Directors can leave or be removed for a range of reasons. Understanding the category you’re dealing with helps you choose the right process:
- Resignation by the director: The director chooses to resign, usually by written notice to the company. This is the simplest path when everyone agrees.
- Removal by members (shareholders): Members can remove a director by resolution. How this works depends on whether your company is proprietary or public - and what your constitution says.
- Removal under the constitution or Shareholders Agreement: Your company’s rules may allow removal by the board or by a particular class of shareholders (for example, to remove a nominee director), or set specific notice periods or thresholds.
- Removal for cause/misconduct: If there’s alleged serious misconduct, you’ll usually still follow the standard removal pathway, but also run a fair process (investigation, show‑cause, opportunity to respond) to manage risk.
Before taking any step, check your Company Constitution and any Shareholders Agreement. These documents set out who can remove a director, the votes required, notice and meeting rules, and how a replacement can be appointed.
Who Has The Power To Remove A Director?
In Australia, removal power typically sits with members (shareholders), but the detail varies by company type and governing documents.
Proprietary Companies (Pty Ltd)
For most private companies, the Corporations Act’s replaceable rules (section 203C) allow members to remove a director by resolution.

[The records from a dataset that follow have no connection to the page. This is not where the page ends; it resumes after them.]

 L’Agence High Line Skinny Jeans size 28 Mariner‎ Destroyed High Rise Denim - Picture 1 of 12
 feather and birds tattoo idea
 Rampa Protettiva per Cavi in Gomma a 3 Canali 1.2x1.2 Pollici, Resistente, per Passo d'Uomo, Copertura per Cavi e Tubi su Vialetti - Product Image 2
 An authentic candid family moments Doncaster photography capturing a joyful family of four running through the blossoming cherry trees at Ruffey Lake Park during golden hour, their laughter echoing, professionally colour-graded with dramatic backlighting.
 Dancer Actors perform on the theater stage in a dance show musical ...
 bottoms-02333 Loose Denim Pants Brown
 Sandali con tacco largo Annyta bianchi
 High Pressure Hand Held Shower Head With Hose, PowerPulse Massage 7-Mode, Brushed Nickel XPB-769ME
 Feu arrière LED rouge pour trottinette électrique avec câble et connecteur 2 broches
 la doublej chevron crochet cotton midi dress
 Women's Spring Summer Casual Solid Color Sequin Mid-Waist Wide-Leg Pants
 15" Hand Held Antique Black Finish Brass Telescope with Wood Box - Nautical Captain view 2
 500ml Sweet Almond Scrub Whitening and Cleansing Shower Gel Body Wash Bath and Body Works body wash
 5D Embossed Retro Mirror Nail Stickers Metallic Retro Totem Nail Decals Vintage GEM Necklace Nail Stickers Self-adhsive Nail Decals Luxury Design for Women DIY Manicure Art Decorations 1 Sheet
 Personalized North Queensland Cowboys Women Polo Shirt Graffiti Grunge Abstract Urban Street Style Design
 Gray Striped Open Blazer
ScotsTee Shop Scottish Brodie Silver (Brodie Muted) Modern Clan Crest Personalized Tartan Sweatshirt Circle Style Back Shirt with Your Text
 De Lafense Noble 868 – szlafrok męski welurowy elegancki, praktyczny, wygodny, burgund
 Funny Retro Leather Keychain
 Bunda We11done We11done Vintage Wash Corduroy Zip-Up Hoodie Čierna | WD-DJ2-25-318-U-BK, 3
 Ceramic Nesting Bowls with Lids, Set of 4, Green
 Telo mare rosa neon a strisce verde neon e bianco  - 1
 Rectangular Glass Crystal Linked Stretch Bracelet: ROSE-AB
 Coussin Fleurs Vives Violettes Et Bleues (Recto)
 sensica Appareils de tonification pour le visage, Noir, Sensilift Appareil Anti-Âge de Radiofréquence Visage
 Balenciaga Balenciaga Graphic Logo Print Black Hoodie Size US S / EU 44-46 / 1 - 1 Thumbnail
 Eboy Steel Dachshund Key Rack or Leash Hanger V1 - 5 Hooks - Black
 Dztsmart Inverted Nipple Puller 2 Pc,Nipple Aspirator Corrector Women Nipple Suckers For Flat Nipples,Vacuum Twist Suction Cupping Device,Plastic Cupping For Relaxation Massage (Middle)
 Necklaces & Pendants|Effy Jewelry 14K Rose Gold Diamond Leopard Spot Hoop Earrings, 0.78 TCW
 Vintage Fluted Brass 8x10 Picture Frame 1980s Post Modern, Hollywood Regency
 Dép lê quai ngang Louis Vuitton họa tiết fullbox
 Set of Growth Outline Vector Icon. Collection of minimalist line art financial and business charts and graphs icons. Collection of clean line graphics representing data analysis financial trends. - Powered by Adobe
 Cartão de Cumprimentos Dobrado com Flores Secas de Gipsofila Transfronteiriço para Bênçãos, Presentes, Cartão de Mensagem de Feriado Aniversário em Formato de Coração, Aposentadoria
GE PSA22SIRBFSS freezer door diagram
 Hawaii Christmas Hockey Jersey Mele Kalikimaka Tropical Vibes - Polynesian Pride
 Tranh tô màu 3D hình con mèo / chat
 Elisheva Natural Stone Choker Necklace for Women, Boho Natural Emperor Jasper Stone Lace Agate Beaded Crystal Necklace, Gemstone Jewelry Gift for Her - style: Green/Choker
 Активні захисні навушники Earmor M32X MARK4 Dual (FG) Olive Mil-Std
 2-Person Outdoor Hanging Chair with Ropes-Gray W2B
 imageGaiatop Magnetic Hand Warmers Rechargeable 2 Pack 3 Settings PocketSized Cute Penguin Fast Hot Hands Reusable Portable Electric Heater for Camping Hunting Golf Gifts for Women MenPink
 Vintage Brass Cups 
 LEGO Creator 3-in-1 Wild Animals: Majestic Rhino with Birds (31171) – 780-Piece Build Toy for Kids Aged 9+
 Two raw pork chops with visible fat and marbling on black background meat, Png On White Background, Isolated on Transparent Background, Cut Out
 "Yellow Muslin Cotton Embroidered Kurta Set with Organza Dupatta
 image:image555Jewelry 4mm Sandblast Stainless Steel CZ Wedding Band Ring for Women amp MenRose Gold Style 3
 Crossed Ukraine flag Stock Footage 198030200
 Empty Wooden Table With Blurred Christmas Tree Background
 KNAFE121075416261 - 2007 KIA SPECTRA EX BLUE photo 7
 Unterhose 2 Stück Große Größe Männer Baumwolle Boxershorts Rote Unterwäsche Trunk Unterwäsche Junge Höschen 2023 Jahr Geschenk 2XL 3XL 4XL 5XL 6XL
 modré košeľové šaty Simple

Your constitution may adopt, replace, or modify these rules.
Some constitutions also allow the board to remove a director in specific circumstances. Always confirm what your constitution actually says.
Public Companies
Members of a public company can remove a director by ordinary resolution under section 203D of the Corporations Act. There are strict notice and procedural requirements, and the director has rights to put written representations to members and speak at the meeting.
Importantly, these member rights apply even if the constitution says otherwise.
Founders, Nominee Directors And Special Appointments
If a director was appointed by a particular shareholder (a nominee director) or holds special appointment rights, your constitution or shareholders agreement may set a different pathway for removal (e.g. the appointing shareholder can remove and replace them). Always check the instruments that created the appointment first.
Step-By-Step: How To Remove A Company Director
Every company is different, but this framework will guide most Australian businesses through a compliant process. Adjust the steps as your constitution or Shareholders Agreement requires.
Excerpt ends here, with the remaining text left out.